Les abus sexuels expliqués aux enfants

Les abus sexuels expliqués aux enfants

À l’heure où les cas d’abus sexuels sur mineurs et jeunes enfants se multiplient et font la une des médias, votre enfant risque d’y être fréquemment confrontés lorsque vous regardez le journal télévisé, au détour d’une discussion entre adultes ou, pire, d’en être lui-même victime.

Il convient donc de préparer votre enfant à réagir de la façon la plus adéquate possible s’il devait un jour se retrouver dans un tel contexte.

L’une des premières choses à lui expliquer est que s’il est confronté à une personne qu’il ne connaît pas qui lui propose de le suivre par exemple, l’enfant doit toujours se poser trois questions.

  • Est-ce que ça me fait oui ou est-ce que ça me fait non à l’intérieur de moi ?
  • Est-ce qu’un adulte, autre que celui avec qui je suis et en qui j’ai confiance, sait où je suis ?
  • Est-ce que quelqu’un pourra m’aider si la personne qui m’accompagne me fait du mal ?

Pas facile de toujours savoir rapidement s’il a envie de quelque chose ou non vous répondra-t-il sans doute.

Vous pourrez alors lui expliquer que c’est précisément pour cette raison qu’il y a trois questions qui doivent être posées. Et la réponse doit systématiquement être « oui ».

Expliquez-lui que si l’une des trois réponses est « non », c’est qu’il existe un risque à ne surtout pas prendre. L’enfant doit comprendre qu’il ne peut pas s’engager dans la situation qui lui est proposée, aussi alléchante soit-elle.

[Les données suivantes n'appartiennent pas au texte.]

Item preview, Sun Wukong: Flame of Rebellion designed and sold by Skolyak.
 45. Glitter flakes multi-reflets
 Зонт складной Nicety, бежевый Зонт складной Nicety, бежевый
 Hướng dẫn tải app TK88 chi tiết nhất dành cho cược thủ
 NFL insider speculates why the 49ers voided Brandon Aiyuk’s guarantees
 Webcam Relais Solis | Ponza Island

Il est également essentiel d’expliquer à l’enfant qu’on ne peut pas reconnaître un pédophile comme ça, au premier coup d’œil. En effet, la plupart du temps, les personnes mal intentionnées ne sont pas laides et pleines de pustules sur le visage comme sont représentés les méchants dans les contes et dessins animés. Au contraire, elles se révèlent être très douces et très gentilles, totalement inoffensives. Il arrive également souvent que l’abuseur soit un membre de la famille : un oncle, une sœur, un grand-parent… On parle alors de relations incestueuses.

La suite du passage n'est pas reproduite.